However, it said care home staff were often poorly paid, lacked professional status and had too little access to training, while managers could feel isolated and that they had little back-up in dealing with issues such as end-of-life care.

It called for providers to invest in support and regular training for managers, backed by sufficient funding from commissioners, and urged the creation of a network to help managers share ideas with each other. This idea has been backed by a campaign to raise the status of registered managers by the Social Care Association, the National Skils Academy for Social Care and the National Care Forum.

The commission also said staff should be recruited on the basis of positive attitudes to residents, should have regular appraisals, strong on-the-job training and a career structure that recognised good performance. However, it also called on staff to take “personal responsibility” for ensuring dignity in care and to challenge poor practice among their colleagues.
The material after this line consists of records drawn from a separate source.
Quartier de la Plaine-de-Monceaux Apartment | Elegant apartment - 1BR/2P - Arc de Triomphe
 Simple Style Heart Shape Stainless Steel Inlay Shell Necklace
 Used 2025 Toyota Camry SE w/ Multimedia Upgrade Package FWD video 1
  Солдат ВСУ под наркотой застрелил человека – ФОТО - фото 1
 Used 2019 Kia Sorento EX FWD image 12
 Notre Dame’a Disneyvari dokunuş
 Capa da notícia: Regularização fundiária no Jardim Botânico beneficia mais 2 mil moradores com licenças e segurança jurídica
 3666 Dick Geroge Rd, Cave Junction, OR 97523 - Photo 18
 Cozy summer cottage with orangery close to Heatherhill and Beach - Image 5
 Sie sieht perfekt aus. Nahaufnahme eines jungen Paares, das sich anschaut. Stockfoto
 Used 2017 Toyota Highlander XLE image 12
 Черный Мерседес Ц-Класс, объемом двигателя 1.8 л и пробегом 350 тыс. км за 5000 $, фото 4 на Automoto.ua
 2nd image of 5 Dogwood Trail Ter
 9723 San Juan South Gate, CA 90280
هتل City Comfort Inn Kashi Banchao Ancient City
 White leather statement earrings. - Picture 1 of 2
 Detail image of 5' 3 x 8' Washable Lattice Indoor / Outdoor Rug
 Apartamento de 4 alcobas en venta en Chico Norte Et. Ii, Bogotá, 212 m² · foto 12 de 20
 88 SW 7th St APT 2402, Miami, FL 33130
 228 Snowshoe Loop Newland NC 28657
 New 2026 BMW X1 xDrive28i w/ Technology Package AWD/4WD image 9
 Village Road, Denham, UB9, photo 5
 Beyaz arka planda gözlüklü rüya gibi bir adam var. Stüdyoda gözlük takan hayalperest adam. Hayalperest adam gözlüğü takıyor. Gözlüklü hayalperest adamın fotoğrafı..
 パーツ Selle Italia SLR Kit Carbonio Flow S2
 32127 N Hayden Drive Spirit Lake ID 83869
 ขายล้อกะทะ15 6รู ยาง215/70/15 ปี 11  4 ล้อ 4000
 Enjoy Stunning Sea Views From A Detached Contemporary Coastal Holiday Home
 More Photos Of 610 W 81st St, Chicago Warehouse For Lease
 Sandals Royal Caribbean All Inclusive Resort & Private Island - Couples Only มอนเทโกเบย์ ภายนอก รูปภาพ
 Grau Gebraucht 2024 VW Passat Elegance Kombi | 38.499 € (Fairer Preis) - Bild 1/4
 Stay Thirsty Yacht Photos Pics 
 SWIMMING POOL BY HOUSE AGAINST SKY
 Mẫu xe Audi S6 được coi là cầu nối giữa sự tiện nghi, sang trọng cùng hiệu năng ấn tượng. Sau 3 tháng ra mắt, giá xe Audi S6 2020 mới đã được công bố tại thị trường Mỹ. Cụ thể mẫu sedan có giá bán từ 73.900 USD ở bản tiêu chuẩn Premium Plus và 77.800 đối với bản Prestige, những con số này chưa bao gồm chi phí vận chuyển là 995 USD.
Among other recommendations, it called for care home providers to have effective whistleblowing procedures for staff.

Many of the issues raised in the report will be addressed through the forthcoming leadership strategy for adult social care, said the National Skills Academy for Adult Social Care. This will provide employers with a way for assessing the behaviour of staff and identify relevant training to address gaps and a leadership qualities framework for organisations to assess their strengths and weaknesses.

“We believe it is only through investing in leadership development that organisations can meet and move beyond compliance requirements towards excellence,” said skills academy chief executive Diane Lawson.